Work to complete -
Your answer must be a word-for-word copy of the data.

Data in this exercise -
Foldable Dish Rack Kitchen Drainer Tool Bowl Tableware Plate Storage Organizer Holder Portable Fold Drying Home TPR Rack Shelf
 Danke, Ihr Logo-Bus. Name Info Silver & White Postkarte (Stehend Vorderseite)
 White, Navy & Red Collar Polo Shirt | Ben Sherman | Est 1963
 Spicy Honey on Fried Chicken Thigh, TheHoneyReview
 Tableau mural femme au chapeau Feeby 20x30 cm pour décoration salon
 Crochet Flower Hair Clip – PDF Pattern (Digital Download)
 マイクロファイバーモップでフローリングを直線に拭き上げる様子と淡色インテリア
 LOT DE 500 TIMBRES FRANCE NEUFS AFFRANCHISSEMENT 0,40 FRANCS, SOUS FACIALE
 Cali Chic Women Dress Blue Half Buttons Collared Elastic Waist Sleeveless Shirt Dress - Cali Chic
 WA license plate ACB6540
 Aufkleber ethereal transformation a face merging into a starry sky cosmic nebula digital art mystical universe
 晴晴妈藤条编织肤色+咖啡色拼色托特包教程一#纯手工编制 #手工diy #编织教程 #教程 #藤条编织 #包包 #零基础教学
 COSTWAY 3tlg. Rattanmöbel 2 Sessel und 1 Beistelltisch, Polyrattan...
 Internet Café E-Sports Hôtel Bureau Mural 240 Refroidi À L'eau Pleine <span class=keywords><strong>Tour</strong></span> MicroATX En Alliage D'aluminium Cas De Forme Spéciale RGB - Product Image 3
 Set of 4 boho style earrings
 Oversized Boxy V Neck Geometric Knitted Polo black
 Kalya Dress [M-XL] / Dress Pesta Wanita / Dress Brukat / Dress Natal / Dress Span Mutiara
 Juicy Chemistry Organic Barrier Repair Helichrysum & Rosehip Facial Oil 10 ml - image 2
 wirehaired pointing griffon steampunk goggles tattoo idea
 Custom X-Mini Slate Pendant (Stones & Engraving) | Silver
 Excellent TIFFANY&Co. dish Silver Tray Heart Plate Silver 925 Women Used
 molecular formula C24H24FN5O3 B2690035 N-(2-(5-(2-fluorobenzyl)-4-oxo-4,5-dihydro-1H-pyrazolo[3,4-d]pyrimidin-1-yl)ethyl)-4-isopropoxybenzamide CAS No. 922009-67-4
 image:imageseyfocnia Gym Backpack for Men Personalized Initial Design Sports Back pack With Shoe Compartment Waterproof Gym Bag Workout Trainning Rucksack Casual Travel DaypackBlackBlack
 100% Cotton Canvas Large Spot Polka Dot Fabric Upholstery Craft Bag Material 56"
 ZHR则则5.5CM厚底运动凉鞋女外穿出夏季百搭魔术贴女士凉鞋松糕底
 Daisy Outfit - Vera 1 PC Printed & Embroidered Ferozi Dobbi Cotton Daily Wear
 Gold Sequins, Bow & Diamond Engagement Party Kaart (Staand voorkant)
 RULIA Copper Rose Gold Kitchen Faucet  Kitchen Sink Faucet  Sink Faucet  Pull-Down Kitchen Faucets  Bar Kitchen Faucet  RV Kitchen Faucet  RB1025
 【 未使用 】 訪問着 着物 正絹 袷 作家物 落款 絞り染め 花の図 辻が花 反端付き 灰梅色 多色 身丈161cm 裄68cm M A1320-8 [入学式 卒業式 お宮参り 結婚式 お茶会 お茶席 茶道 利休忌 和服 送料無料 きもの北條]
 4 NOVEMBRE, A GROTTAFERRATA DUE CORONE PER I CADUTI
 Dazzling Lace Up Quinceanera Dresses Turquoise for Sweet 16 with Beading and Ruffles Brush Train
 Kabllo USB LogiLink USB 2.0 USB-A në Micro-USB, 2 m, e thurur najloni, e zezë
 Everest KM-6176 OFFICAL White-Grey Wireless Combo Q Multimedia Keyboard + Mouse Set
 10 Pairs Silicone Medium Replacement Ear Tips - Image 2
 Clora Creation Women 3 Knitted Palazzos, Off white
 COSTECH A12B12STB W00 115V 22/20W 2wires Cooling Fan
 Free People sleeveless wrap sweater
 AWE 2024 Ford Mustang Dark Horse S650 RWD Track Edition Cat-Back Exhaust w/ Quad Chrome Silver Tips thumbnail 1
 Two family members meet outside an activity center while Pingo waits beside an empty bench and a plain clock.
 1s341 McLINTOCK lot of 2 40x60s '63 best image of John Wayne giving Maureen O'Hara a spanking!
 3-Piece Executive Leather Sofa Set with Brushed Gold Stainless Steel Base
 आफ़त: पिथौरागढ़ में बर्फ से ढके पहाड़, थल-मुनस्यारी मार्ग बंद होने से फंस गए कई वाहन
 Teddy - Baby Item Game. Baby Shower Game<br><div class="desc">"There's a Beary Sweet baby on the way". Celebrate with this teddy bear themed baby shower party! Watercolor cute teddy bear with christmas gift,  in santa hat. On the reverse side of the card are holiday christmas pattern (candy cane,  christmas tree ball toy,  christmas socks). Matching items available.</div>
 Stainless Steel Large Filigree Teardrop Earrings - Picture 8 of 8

Solution -
Foldable Dish Rack Kitchen Drainer Tool Bowl Tableware Plate Storage Organizer Holder Portable Fold Drying Home TPR Rack Shelf
 Danke, Ihr Logo-Bus. Name Info Silver & White Postkarte (Stehend Vorderseite)
 White, Navy & Red Collar Polo Shirt | Ben Sherman | Est 1963
 Spicy Honey on Fried Chicken Thigh, TheHoneyReview
 Tableau mural femme au chapeau Feeby 20x30 cm pour décoration salon
 Crochet Flower Hair Clip – PDF Pattern (Digital Download)
 マイクロファイバーモップでフローリングを直線に拭き上げる様子と淡色インテリア
 LOT DE 500 TIMBRES FRANCE NEUFS AFFRANCHISSEMENT 0,40 FRANCS, SOUS FACIALE
 Cali Chic Women Dress Blue Half Buttons Collared Elastic Waist Sleeveless Shirt Dress - Cali Chic
 WA license plate ACB6540
 Aufkleber ethereal transformation a face merging into a starry sky cosmic nebula digital art mystical universe
 晴晴妈藤条编织肤色+咖啡色拼色托特包教程一#纯手工编制 #手工diy #编织教程 #教程 #藤条编织 #包包 #零基础教学
 COSTWAY 3tlg. Rattanmöbel 2 Sessel und 1 Beistelltisch, Polyrattan...
 Internet Café E-Sports Hôtel Bureau Mural 240 Refroidi À L'eau Pleine <span class=keywords><strong>Tour</strong></span> MicroATX En Alliage D'aluminium Cas De Forme Spéciale RGB - Product Image 3
 Set of 4 boho style earrings
 Oversized Boxy V Neck Geometric Knitted Polo black
 Kalya Dress [M-XL] / Dress Pesta Wanita / Dress Brukat / Dress Natal / Dress Span Mutiara
 Juicy Chemistry Organic Barrier Repair Helichrysum & Rosehip Facial Oil 10 ml - image 2
 wirehaired pointing griffon steampunk goggles tattoo idea
 Custom X-Mini Slate Pendant (Stones & Engraving) | Silver
 Excellent TIFFANY&Co. dish Silver Tray Heart Plate Silver 925 Women Used
 molecular formula C24H24FN5O3 B2690035 N-(2-(5-(2-fluorobenzyl)-4-oxo-4,5-dihydro-1H-pyrazolo[3,4-d]pyrimidin-1-yl)ethyl)-4-isopropoxybenzamide CAS No. 922009-67-4
 image:imageseyfocnia Gym Backpack for Men Personalized Initial Design Sports Back pack With Shoe Compartment Waterproof Gym Bag Workout Trainning Rucksack Casual Travel DaypackBlackBlack
 100% Cotton Canvas Large Spot Polka Dot Fabric Upholstery Craft Bag Material 56"
 ZHR则则5.5CM厚底运动凉鞋女外穿出夏季百搭魔术贴女士凉鞋松糕底
 Daisy Outfit - Vera 1 PC Printed & Embroidered Ferozi Dobbi Cotton Daily Wear
 Gold Sequins, Bow & Diamond Engagement Party Kaart (Staand voorkant)
 RULIA Copper Rose Gold Kitchen Faucet  Kitchen Sink Faucet  Sink Faucet  Pull-Down Kitchen Faucets  Bar Kitchen Faucet  RV Kitchen Faucet  RB1025
 【 未使用 】 訪問着 着物 正絹 袷 作家物 落款 絞り染め 花の図 辻が花 反端付き 灰梅色 多色 身丈161cm 裄68cm M A1320-8 [入学式 卒業式 お宮参り 結婚式 お茶会 お茶席 茶道 利休忌 和服 送料無料 きもの北條]
 4 NOVEMBRE, A GROTTAFERRATA DUE CORONE PER I CADUTI
 Dazzling Lace Up Quinceanera Dresses Turquoise for Sweet 16 with Beading and Ruffles Brush Train
 Kabllo USB LogiLink USB 2.0 USB-A në Micro-USB, 2 m, e thurur najloni, e zezë
 Everest KM-6176 OFFICAL White-Grey Wireless Combo Q Multimedia Keyboard + Mouse Set
 10 Pairs Silicone Medium Replacement Ear Tips - Image 2
 Clora Creation Women 3 Knitted Palazzos, Off white
 COSTECH A12B12STB W00 115V 22/20W 2wires Cooling Fan
 Free People sleeveless wrap sweater
 AWE 2024 Ford Mustang Dark Horse S650 RWD Track Edition Cat-Back Exhaust w/ Quad Chrome Silver Tips thumbnail 1
 Two family members meet outside an activity center while Pingo waits beside an empty bench and a plain clock.
 1s341 McLINTOCK lot of 2 40x60s '63 best image of John Wayne giving Maureen O'Hara a spanking!
 3-Piece Executive Leather Sofa Set with Brushed Gold Stainless Steel Base
 आफ़त: पिथौरागढ़ में बर्फ से ढके पहाड़, थल-मुनस्यारी मार्ग बंद होने से फंस गए कई वाहन
 Teddy - Baby Item Game. Baby Shower Game<br><div class="desc">"There's a Beary Sweet baby on the way". Celebrate with this teddy bear themed baby shower party! Watercolor cute teddy bear with christmas gift,  in santa hat. On the reverse side of the card are holiday christmas pattern (candy cane,  christmas tree ball toy,  christmas socks). Matching items available.</div>
 Stainless Steel Large Filigree Teardrop Earrings - Picture 8 of 8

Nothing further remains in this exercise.